Investigadores da Faculdade de Ciências e Tecnologia da UC lideram uma equipa internacional que está a desenvolver “um método pioneiro a nível mundial” para tornar possível “a caracterização biológica rigorosa de vítimas desconhecidas, com base nos seus restos mortais queimados, em situações complexas como acidentes de avião ou ataques terroristas”, anunciou hoje a UC.

Quando os ossos são queimados, “a sua estrutura e dimensão são alteradas, tornando difícil a tarefa de identificar sexo, idade e estatura”, explica David Gonçalves, do Centro de Investigação em Antropologia da Saúde (CIAS).

“Essas informações podem ser importantes para estabelecer a identificação positiva de uma vítima desconhecida”, exemplifica o especialista em ossos, adiantado que, para tentar ultrapassar as dificuldades destes casos, a equipa de peritos é também integrada por Maria Paula Marques e Luís Batista de Carvalho, da Unidade de I&D ‘Química-Física Molecular’, que “utilizam luz e feixes de partículas de alta energia para estudar estruturas biológicas a nível molecular”.

A estes especialistas juntaram-se mais três investigadores, dois deles do Reino Unido, “tendo avançado para um método que usa feixes de neutrões para avaliar as mudanças ocorridas quando os ossos são submetidos a processos de queima”, acrescenta a UC.

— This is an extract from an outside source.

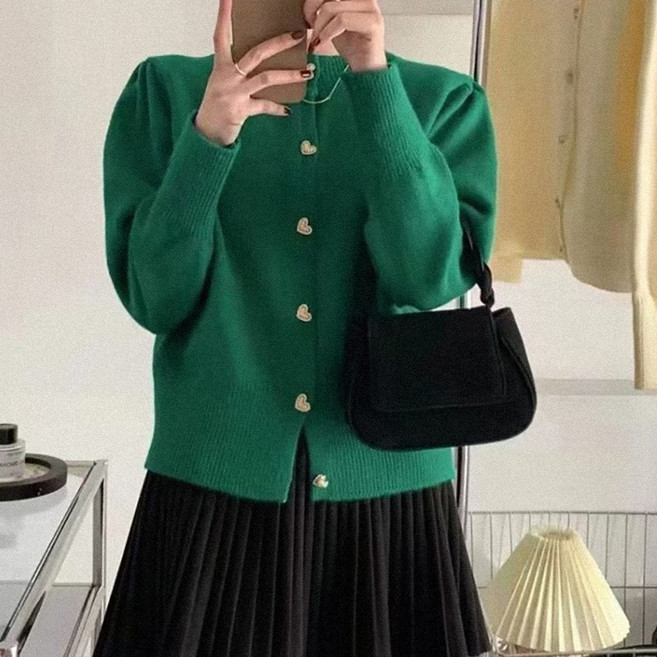 MarketA 女款愛心扣圓領針織衫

As designadas técnicas de espetroscopia vibracional fornecem informação impossível de obter por outras vias.

“Com recurso a lasers, feixes de neutrões e radiação de infravermelho, conseguimos avaliar a estrutura submicroscópica do osso, ou seja, ver como compostos seus constituintes estão organizados, permitindo saber, por exemplo, quanto tempo esteve exposto a temperaturas elevadas, que tipo de explosivo foi usado...”, esclarecem Maria Paula Marques e Luís Batista de Carvalho.


A equipa de investigadores pretende, na prática, obter um “fator de correção das dimensões alteradas por processos de queima, permitindo rapidamente encontrar as características e tamanho originais dos ossos”.

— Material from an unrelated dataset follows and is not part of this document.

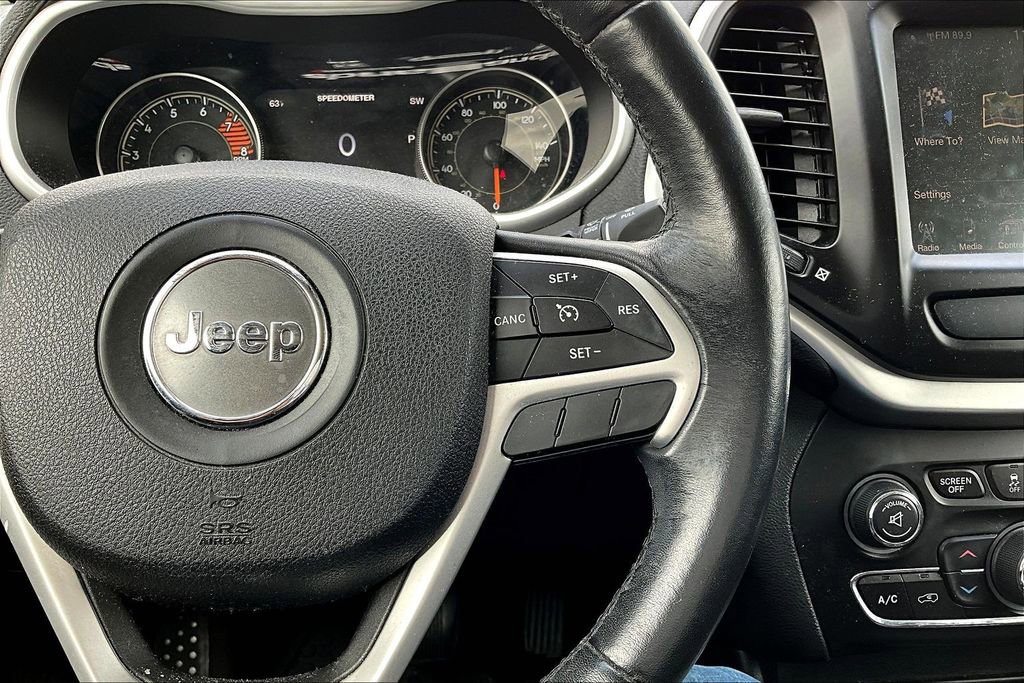 Used 2016 Jeep Cherokee Trailhawk w/ Comfort/Convenience Group image 7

Trata-se, afinal, de “desqueimar” o esqueleto, sintetiza.

As primeiras experiências realizadas com o feixe de neutrões do Laboratório de Investigação ISIS – Harwell Campus (Science & Technology Facilities Council, Reino Unido) em amostras de ossos humanos indicam que o método é promissor, refere a UC.

Se tudo correr como previsto, dentro de três a quatro anos, os cientistas forenses e bioarqueólogos terão resolvido um dos seus grandes problemas, pois passarão a dispor de “uma ferramenta fiável, rápida e de baixo custo para avaliar as mudanças ocorridas nos ossos queimados”, afirma David Gonçalves.

“O problema dos métodos métricos que usamos atualmente para construir o perfil biológico é o seu grau de fiabilidade, que é baixo.”

Apesar de “ainda ter muito trabalho pela frente”, a equipa de investigadores está confiante em obter um instrumento de correção pioneiro, que terá um forte impacto em múltiplos cenários, “quer em contexto arqueológico, quer em contexto forense, nomeadamente em situações de crime, de terrorismo e acidente, entre outros”, conclui David Gonçalves.